— Il est évident, lui dis-je un jour, que tes parents me minent.

— Ils ne connaissent pas notre liaison, mais ils s’en doutent.

— Eh bien, dis-leur qu’ils peuvent être tranquilles, que je ne te ferai jamais faire des bêtises, même pas celle de m’épouser. Je suis bien trop heureuse, maintenant que tu penses ne rien me devoir et que tu te crois libre…

— Me crois libre… mais je le suis, libre…

— Oui, même de me torturer… Quand je suis gaie, je ne pense pas qu’il y a des gens qui souffrent ; si je suis triste, je suis un être mécontent et ingrat envers le sort ; tu oublies que le sort a été bien plus aimable pour toi… Pour ce qui est d’aimer, j’aime certes plus que toi, mais tu me gênes dans mes expansions, avec tes théories.

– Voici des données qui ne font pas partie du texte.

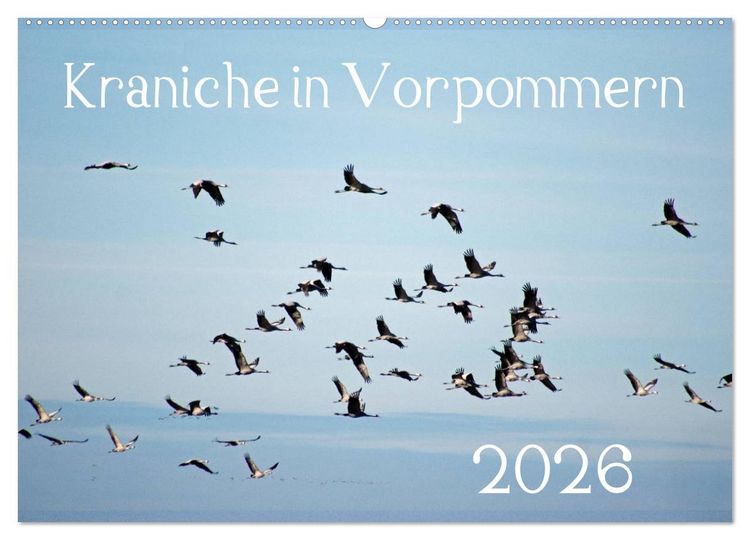 Produktbild: Kraniche in Vorpommern (Wandkalender 2026 DIN A2 quer), CALVENDO Monatskalender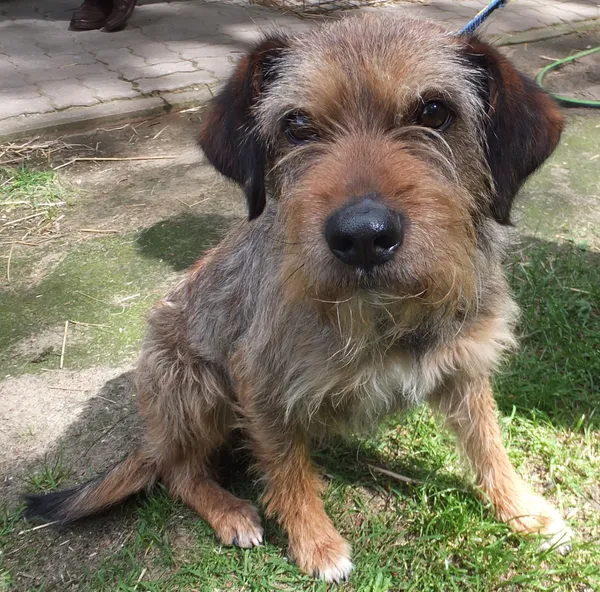 Znaleziono psa, Nowa Krępa, 29 kwietnia 2025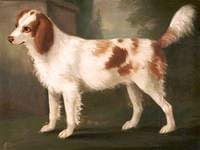 A Spaniel in a Landscape
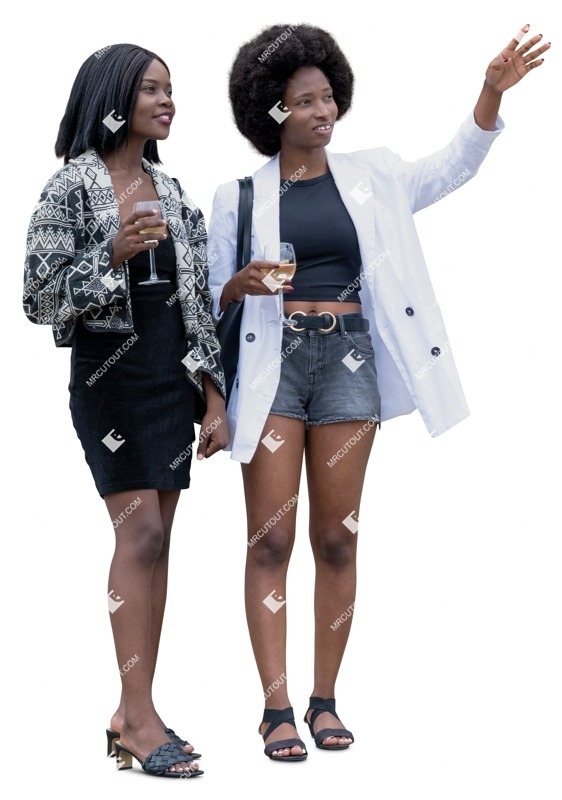 Group of friends drinking wine person png (19804)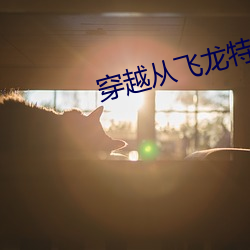 穿越从飞龙特警开始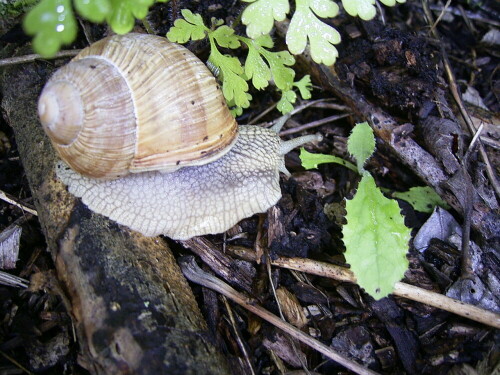 schnecke-beim-fressen-um-17-50-uhr-1624.jpeg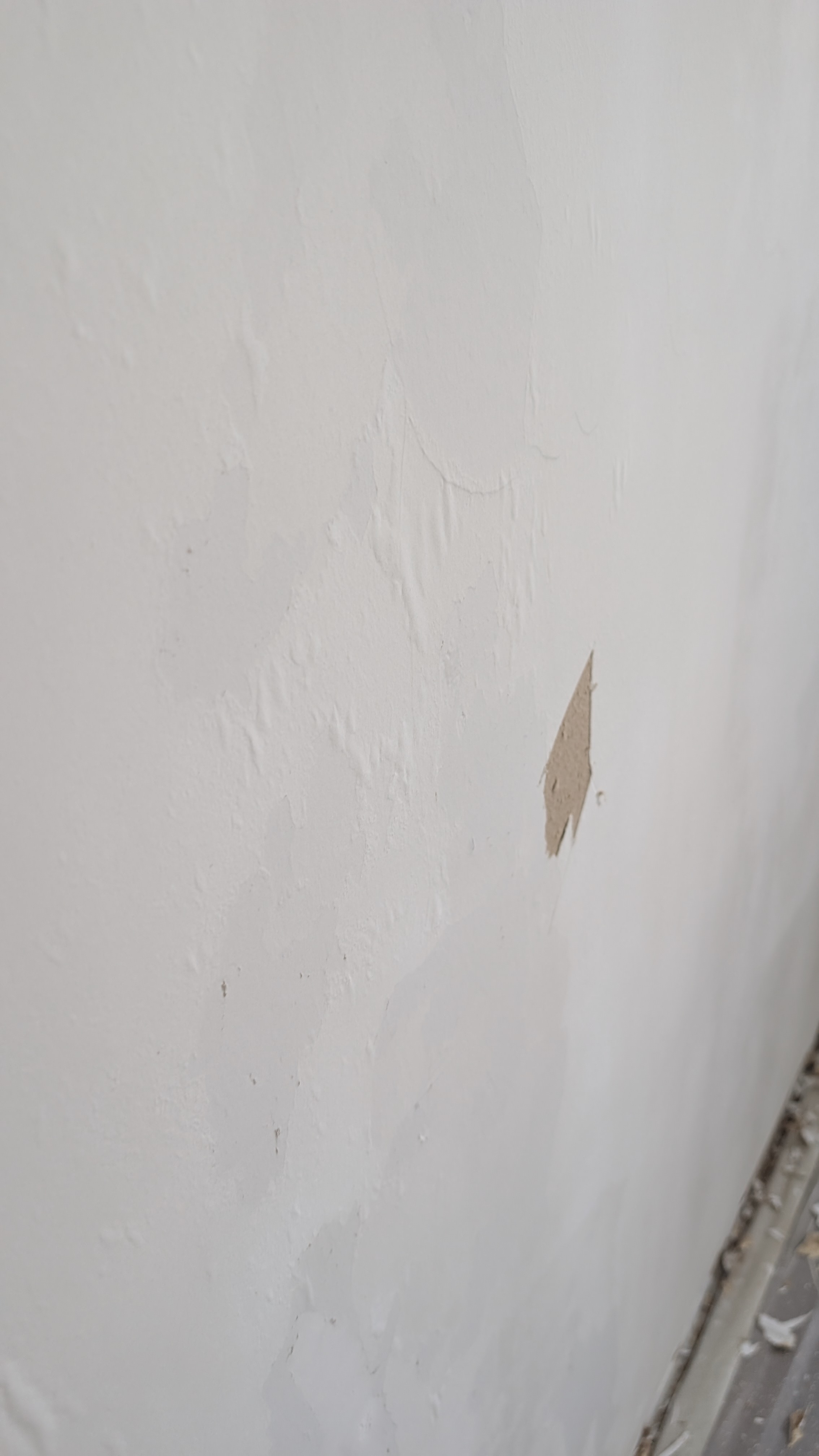 1768230097-PXL_20260112_132826039.jpg 1768230097-PXL_20260112_132826039.jpg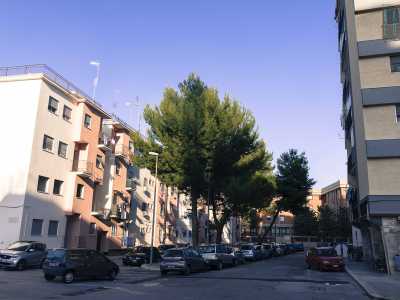 San Marcello � Tra la zona del Campus e quella di Telebari si trova un agglomerato fatto di basse case popolari presenti dalla fine degli anni 50. Circoscritta da via Orabona, via Fanelli, via Omodeo e via Amendola, l�area di San Marcello ospita negozi storici e un�antica masseria con ipogeo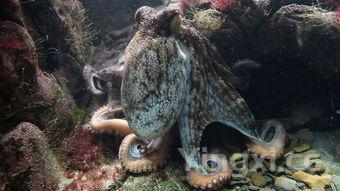 喝高度白酒是啥感觉?辛辣刺激上头,还是另有别样体验?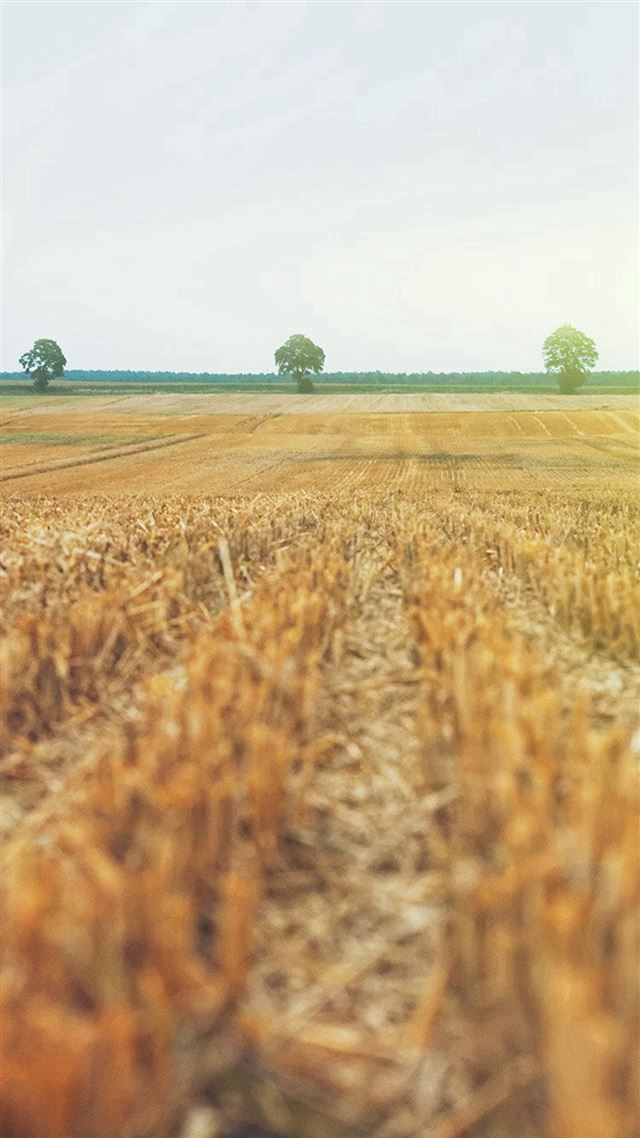 1080x1920 Farm Fall Field Nature Yellow Flare - fall iPhone 8 Wallpaper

— Allons, tu as raison, je suis absurde… Je vais parler à ma mère.

Le soir même, il vint me dire que sa mère m’invitait à déjeuner pour le lendemain.

— Je lui ai dit que, puisqu’ils n’admettaient pas le mariage, j’avais contracté une union libre depuis quelques années ; que, si je ne lui en avais pas parlé, c’est que je connaissais leurs préventions contre la femme, mais qu’il n’y avait rien à faire, que tu étais ma compagne pour la vie, que je pensais qu’elle nous devait de ne pas te méconnaître. Elle m’a répondu que, puisqu’il n’y avait rien à faire, elle s’inclinait, mais qu’il valait mieux ne pas encore en parler à mon père.

— Mon Dieu, André, avec leurs préjugés… puis, si j’allais ne pas lui plaire… maintenant personne ne s’occupe de nous.

— Voilà, jamais contente… mon père a raison, vous êtes toutes impossibles.